(Items from a dataset)
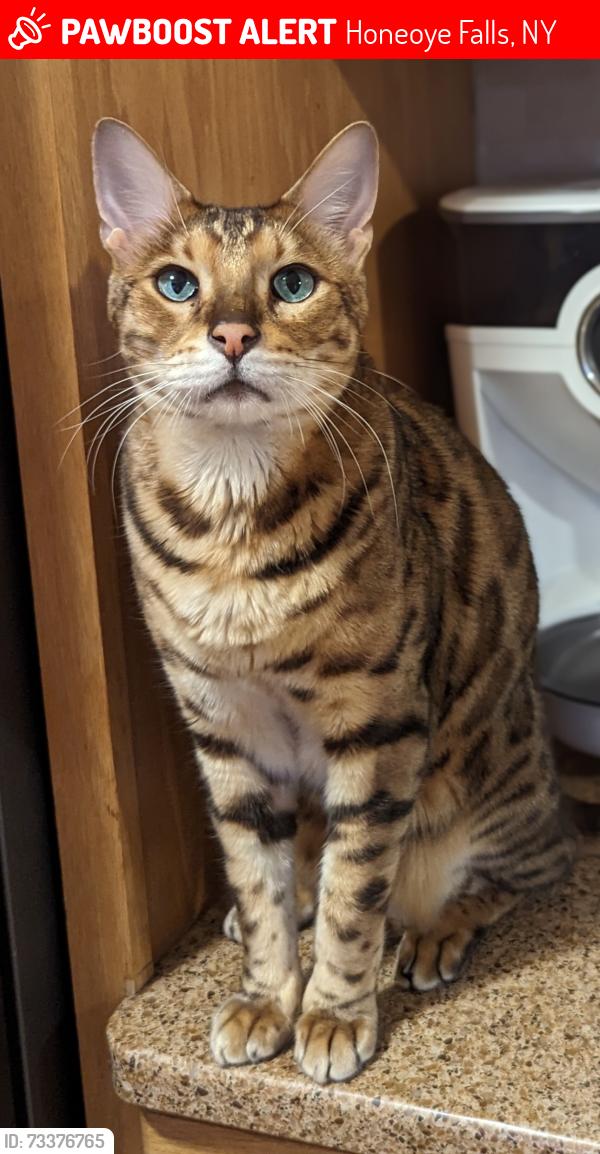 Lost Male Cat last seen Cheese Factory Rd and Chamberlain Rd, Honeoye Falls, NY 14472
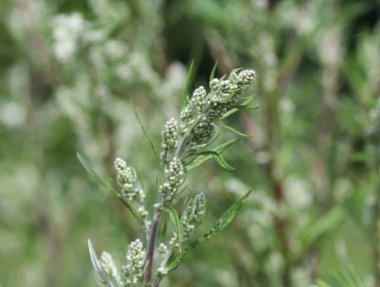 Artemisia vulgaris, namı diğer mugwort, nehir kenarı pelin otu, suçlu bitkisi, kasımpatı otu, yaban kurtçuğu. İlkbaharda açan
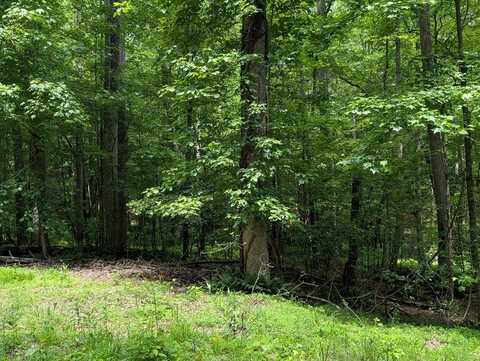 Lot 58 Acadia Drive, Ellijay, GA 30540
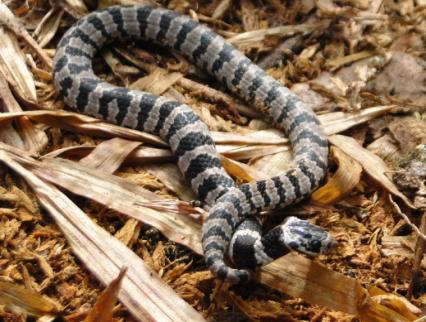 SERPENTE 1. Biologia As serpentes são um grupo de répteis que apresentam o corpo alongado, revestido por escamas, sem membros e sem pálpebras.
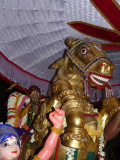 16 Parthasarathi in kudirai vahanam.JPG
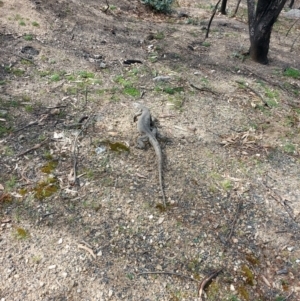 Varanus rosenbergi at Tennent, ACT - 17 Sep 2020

▶ [Prompt] The answer must be an exact copy of the lines from the one containing "SERPENTE 1. Biologia" through the last line of the records, with no pictures included.

▶ [Solution to this exercise]
 SERPENTE 1. Biologia As serpentes são um grupo de répteis que apresentam o corpo alongado, revestido por escamas, sem membros e sem pálpebras.
 16 Parthasarathi in kudirai vahanam.JPG
 Varanus rosenbergi at Tennent, ACT - 17 Sep 2020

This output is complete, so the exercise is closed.